Ce mercredi matin, le train Rouen Paris a fait son chemin sans incident dans le semi brouillard. Seule la moitié inférieure des cheminées de la centrale électrique de Porcheville est visible. J’entre à dix heures moins dix au Café du Faubourg. Sur l’écran mural, la télévision d’information continue titre sur « L’invasion des punaises de lit ». Dans Le Parisien, je ne lis que les faits divers.
J’entre chez Book-Off sitôt le rideau levé et y trouve des livres à un euro qui me plaisent, parmi lesquels Tristesse de la terre (Une histoire de Buffalo Bill Cody) d’Eric Vuillard (Actes Sud) que je retiens pour un envoi de l’auteur « Pour Michel Reilhac, Tristesse de la terre, où il neige à la fin quand le rideau tombe. Avec toute ma reconnaissance et mon amitié. », Un bateau autour du cou de Jean-Claude Silberman (Pierre Bordas et fils) pour Je n’ai jamais bien compris le succès de ce film de télévision produit par la N.A.S.A. où l’on voyait deux scaphandriers ramasser des cailloux dans un terrain vague., Le Découragement de Joanne Anton pour On observe que sans être fou, on en a l’air. et Je t’aime de Dran (Edition Populaire) pour ses dessins noirs.
A midi, je déjeune au Paris, boulevard Richard-Lenoir, une honnête brasserie : filet de hareng pommes à l’huile, bourguignon pommes vapeur, tiramisu et un quart de côtes-du-rhône. Cela fait vingt et un euros. Je lis ensuite La Cérémonie des adieux de Simone de Beauvoir assis sur un muret du port de l’Arsenal. Sartre avait exactement mon âge quand sa santé a commencé à se dégrader, Simone raconte ça avec une précision d’entomologiste (comme on dit).
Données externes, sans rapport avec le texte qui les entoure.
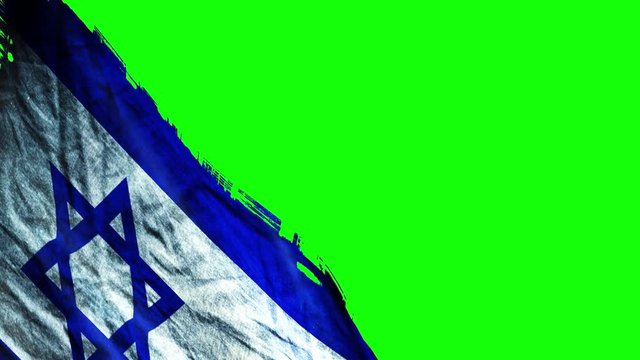 Isolated on green screen Waving Israel flag. Waving State of Israel flag old glory grange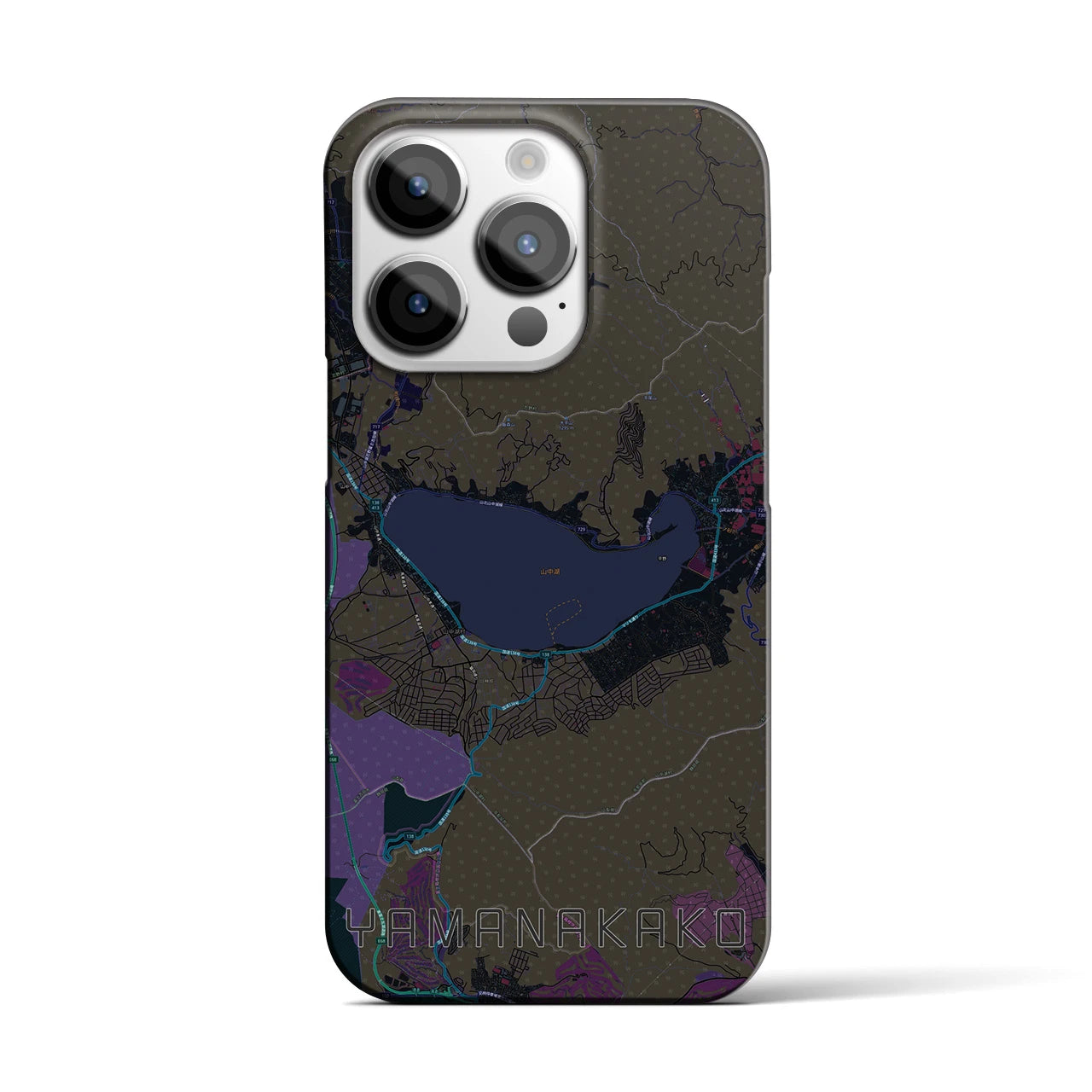 【山中湖】地図柄iPhoneケース（バックカバータイプ・ブラック）iPhone 14 Pro 用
Au milieu de l’après-midi je suis dans l’autre Book-Off et au détour d’une allée y aperçois Lisa qui m’aperçoit. Venant elle d’Amiens et moi de Rouen, nous nous sommes déjà côtoyés ici. La première fois, elle n’était pas sûre que ce soit moi. La deuxième fois, je n’étais pas sûr que ce soit elle. Cette troisième fois, nous ne nous manquons pas.
Après avoir fait chacun quelques emplettes, nous nous installons à la terrasse du Bistrot d’Edmond où le serveur lui fait des compliments sur sa tenue vestimentaire, Tout en buvant un café, nous parlons du livre d’elle qui paraîtra chez Lattès en janvier (raison de sa présence dans la capitale ce jour) et d’autres sujets sur lesquels je reste discret.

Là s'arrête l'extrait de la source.